Dicevo però che non sono “rimasta in Italia” tutto l’anno, al contrario, ho viaggiato molto: da luoghi più comuni, come Stati Uniti, Francia, Spagna e Russia, a località più esotiche, quali Nigeria e Argentina. Grazie a una bella presentazione con l’autore qui a Bologna, ho conosciuto Igoni Barrett, di cui ho letto il suo primo romanzo Culo nero, sarcastico, ironico e particolarmente godibile. E sempre a Lagos è ambientato Americanah di Chimamanda Ngozi Adiche che ho letteralmente divorato e di cui ho amato la sagacia e la schiettezza… spero di riuscire a concedermi presto un altro suo libro.
Un altro grande amore è stato Patria di Fernando Aramburu, una grande storia familiare immersa nella questione basca, di cui ho parlato a mari e monti, convincendo tanti a leggere a loro volta. L’anno si era poi aperto con una lettura incredibile, che avevo tanto snobbato tanto quanto poi mi è piaciuta, La ferrovia sotterranea di Colson Whitehead. Una di quelle storie che ti fanno urlare (almeno interiormente) di rabbia, ti fanno piangere e sperare, una storia in cui trovare tantissimi spunti di riflessione sul presente, benché sia ambientata nell’800. Rimanendo in America, ho ritrovato con immenso piacere Kent Haruf, ai suoi albori, con Vincoli o meglio con The Tie That Binds, visto che l’ho letto in lingua originale. Adorata la trilogia, in particolare i primi due in ordine cronologico, dalla prosa più ricca e completa, qui sono andata a nozze, con la grandissima attenzione alle descrizioni che l’autore si concede. Nella versione in lingua ho poi potuto notare i diversi registri usati dall’autore, che fa parlare i suoi personaggi (in particolare alcuni) con un inglese sporco, sgrammaticato e colloquiale, mentre la narrazione scorre liscia e pulita. Ancora due fratelli (uomo e donna), la dura vita della campagna, una famiglia non particolarmente moderna, ai margini di Holt e della società stessa, ma legati ad essa da tanti fili sottili che appaiono indissolubili. Tre generazioni di vicini di casa speciali, che con l’affetto, a volte un po’ goffo, e anche solo la propria presenza riescono a dare una direzione meno cupa a un’esistenza altrimenti piuttosto grama, quella di Edith Goodnough. Un libro che scorre veloce e che vorresti che non finisse mai. Kent Haruf è riuscito di nuovo a rapirmi il cuore con quell’umanità che già conoscevo e ancor più c’è riuscito Sanders Roscoe, di cui mi sono irrimediabilmente innamorata!

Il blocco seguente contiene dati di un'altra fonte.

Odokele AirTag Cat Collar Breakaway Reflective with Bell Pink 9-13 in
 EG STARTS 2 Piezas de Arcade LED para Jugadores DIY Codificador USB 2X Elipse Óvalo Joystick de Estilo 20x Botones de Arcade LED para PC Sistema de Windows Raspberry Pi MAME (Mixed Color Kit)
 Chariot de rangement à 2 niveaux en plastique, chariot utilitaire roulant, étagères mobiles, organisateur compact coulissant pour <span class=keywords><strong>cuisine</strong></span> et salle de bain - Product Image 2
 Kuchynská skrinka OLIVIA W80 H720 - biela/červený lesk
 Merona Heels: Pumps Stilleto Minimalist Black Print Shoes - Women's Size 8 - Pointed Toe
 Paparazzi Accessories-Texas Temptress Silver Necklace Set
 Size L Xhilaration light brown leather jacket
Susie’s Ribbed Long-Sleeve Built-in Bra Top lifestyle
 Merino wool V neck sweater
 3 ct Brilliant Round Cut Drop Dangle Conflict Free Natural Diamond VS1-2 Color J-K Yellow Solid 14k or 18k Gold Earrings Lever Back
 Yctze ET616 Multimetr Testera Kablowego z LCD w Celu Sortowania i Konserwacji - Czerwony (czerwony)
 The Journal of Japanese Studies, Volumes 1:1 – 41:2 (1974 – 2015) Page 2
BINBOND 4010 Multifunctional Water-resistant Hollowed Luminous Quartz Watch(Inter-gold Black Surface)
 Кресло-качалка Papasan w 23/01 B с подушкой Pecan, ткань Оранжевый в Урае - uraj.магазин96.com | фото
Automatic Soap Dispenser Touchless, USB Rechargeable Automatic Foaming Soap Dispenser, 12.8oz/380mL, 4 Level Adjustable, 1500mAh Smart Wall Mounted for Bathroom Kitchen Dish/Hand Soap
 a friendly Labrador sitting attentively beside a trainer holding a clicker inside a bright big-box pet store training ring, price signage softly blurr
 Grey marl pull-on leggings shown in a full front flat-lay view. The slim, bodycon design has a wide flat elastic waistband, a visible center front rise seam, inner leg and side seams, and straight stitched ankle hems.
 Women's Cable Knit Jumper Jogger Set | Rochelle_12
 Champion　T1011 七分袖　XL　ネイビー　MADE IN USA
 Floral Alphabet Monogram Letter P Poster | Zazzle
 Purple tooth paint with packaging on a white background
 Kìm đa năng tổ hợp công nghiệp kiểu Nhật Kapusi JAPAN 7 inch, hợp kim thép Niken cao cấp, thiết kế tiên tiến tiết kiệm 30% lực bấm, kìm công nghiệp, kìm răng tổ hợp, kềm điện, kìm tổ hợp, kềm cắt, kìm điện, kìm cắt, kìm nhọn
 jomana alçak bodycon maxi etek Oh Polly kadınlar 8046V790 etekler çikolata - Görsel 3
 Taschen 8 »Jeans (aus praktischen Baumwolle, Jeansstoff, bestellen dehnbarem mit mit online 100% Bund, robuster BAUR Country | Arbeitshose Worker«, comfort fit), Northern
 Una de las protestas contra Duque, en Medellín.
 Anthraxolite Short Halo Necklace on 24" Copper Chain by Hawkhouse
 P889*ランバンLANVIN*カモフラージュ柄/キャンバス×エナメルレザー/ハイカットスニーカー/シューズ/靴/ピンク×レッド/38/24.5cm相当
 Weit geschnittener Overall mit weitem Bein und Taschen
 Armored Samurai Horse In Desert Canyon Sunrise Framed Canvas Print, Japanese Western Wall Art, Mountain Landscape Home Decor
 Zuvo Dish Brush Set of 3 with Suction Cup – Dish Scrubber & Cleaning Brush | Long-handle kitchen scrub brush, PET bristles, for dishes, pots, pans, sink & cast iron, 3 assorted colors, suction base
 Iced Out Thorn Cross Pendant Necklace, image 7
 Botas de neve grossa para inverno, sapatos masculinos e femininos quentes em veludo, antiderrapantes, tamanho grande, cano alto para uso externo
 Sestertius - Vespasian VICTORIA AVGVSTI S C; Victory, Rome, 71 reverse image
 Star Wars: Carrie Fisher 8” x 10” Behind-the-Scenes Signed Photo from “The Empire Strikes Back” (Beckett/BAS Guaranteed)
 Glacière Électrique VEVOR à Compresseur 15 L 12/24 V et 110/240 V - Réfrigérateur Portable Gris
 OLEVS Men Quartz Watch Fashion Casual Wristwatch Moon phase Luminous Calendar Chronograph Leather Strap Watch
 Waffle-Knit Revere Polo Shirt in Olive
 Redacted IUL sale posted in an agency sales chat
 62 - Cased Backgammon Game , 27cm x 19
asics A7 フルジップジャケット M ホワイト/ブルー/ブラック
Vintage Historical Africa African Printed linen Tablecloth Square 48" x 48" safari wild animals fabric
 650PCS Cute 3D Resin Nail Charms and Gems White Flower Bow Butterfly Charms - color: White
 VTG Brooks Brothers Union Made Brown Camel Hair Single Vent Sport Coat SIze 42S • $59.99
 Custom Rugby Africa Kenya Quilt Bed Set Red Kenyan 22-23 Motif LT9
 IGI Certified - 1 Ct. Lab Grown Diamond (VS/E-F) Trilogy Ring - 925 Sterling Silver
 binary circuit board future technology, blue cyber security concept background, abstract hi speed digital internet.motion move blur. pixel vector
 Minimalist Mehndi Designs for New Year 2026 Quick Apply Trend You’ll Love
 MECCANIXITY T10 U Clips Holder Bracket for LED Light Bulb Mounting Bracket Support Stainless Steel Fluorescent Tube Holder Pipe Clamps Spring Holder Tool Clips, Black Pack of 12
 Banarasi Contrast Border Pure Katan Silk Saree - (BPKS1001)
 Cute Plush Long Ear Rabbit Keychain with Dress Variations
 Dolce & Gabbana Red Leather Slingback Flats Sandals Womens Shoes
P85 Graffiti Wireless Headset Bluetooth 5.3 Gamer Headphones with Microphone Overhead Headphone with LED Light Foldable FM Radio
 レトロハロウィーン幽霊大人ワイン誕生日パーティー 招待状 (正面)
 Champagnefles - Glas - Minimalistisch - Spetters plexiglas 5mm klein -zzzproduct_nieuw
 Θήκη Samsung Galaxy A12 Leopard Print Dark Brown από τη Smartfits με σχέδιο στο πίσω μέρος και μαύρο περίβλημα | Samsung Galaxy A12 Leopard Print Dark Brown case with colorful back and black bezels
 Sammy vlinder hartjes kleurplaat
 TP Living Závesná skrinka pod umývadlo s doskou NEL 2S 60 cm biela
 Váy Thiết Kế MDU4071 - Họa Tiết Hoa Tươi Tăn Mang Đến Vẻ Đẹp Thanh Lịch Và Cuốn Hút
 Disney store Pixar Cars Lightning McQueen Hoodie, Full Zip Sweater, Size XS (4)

Altrettanto coinvolgente è poi Storia di Ásta dell’islandese Jón Kalman Stefánsonn, anche in questo caso un autore che conoscevo già, che mi era piaciuto, ma senza lasciarmi a bocca aperta. Un racconto quasi epico che abbraccia una vita intera, quella della protagonista, con accenni a epoche ancora più lontane. Un libro complesso, con una struttura a puzzle, che riesce a catturarti in un turbine di emozioni.
Ovviamente c’è però stata anche qualche piccola delusione, qualche lettura che non mi ha lasciato molto o comunque meno di quanto mi aspettassi. C’è Blanket di Craig Thomson, un fumetto cui avevo messo gli occhi sopra da mesi, grazie anche alla copertina e ai disegni davvero incredibili, che poi ho letto in un paio di ore senza emozionarmi. Poi ci sono Mi chiamo Lucy Barton di Elizabeth Strout e Senza mai arrivare in cima di Paolo Cognetti, da cui mi aspettavo grandi cose e invece…
Infine Non stancarti di andare di Teresa Radice e Stefano Turconi, un altro fumetto che so che è piaciuto a tanti, forse a tutti (c’è chi lo mette tra la sua terna dei preferiti!), ma che io ho trovato sdolcinato e fastidioso nei testi, nonostante i disegni siano a dir poco meravigliosi, al punto che avrei preferito si trattasse di un silent book.
Oltre che tra le pagine dei romanzi, grazie a Iperborea ho viaggiato anche a bordo di The Passenger che per ora mi ha portata in Islanda e in Giappone… e, cari editori, sappiate che sono già pronta per la prossima tappa!
Poi ci sono loro, i racconti, cui quest’anno mi sono dedicata con tantissima energia e mi hanno regalato gioie davvero inaspettate. Dai Racconti di montagna, uno più bello dell’altro, a Salinger, il mio oramai secondo amore platonico Federico Falco, Bulgakov, Elvis Malaj, Dino Buzzati – finalmente ho messo da parte il mio snobbismo e ho scoperto quanto sono godibili le sue storie sarcastiche – e infine Mario Rigoni Stern, finalmente! Più tutti quelli che ho sleggiucchiato in qua e in là senza portare a termine, in preparazione delle serate di letture e per semplice curiosità. Insomma, un nuovo amore che ho in programma di portare avanti, viste le scorte che ho già accumulato.
Detto tutto questo, vi lascio un altro po’ di numeri:
Se poi avete ancora voglia di curiosare tra le mie letture del 2018, le trovate tutte su Goodbooks e nel frattempo, buona fine anno!
Il prossimo sarà quasi un silent book 😉
(spiacente per i testi fastidiosi, ma abbiamo lasciato parlare l'urgenza e ci è parso giusto così)
Piacere, sono Rainy!
Una lista davvero ammirevole e per altro abbiamo alcuni libri in comune quest'anno ahah
Curiosissima del vostro prossimo libro! 🙂
Come ho scritto altrove, la storia è a dir poco enconiabile e l'urgenza di comunicare tematiche così attuali è palpabile. Bravissimi! Personalmente non mi sono sentita in sintonia con la prosa… ma è un mio personalissimo sentire, niente da togliere al vostro libro. 🙂
Ciao Rainy! Ma pensa… che piacere condividere belle letture!